Problem to solve: Below is a block of records. Copy every line in it that contains the word "blanket".

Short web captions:
····················

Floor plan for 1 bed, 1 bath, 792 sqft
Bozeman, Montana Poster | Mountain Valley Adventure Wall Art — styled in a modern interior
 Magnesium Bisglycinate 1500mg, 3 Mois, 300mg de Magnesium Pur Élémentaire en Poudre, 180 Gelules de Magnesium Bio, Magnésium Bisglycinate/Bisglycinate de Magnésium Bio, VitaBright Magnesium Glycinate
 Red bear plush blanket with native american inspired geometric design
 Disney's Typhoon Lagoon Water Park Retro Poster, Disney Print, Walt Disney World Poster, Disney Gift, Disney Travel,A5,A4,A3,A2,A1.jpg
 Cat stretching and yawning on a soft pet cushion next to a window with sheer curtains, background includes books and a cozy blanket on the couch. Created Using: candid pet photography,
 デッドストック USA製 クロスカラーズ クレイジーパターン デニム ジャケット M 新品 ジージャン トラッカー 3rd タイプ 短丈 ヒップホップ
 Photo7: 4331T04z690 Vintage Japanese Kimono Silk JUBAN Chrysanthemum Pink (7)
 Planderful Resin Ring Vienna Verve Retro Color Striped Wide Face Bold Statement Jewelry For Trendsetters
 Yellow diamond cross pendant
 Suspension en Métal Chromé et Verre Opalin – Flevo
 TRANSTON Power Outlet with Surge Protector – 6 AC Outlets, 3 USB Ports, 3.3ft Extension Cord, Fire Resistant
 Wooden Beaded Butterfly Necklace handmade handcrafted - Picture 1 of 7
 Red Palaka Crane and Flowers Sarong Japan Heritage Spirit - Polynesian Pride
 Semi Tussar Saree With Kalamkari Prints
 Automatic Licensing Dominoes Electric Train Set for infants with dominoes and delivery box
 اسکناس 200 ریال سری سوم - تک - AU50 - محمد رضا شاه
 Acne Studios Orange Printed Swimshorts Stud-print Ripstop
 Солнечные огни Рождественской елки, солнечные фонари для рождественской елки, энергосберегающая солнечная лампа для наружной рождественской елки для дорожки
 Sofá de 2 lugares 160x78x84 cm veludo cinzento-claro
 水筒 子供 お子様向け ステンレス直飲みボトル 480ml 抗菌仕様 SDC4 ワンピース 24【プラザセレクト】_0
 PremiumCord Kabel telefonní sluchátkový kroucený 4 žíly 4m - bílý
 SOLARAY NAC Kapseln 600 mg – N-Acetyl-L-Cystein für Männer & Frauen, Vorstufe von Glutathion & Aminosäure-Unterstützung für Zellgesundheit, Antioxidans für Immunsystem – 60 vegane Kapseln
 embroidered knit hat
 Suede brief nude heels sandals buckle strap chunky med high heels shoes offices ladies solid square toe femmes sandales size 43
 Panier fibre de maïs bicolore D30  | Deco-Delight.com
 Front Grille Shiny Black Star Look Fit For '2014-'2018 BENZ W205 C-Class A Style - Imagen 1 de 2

····················

Exercise response:
 Red bear plush blanket with native american inspired geometric design
 Cat stretching and yawning on a soft pet cushion next to a window with sheer curtains, background includes books and a cozy blanket on the couch. Created Using: candid pet photography,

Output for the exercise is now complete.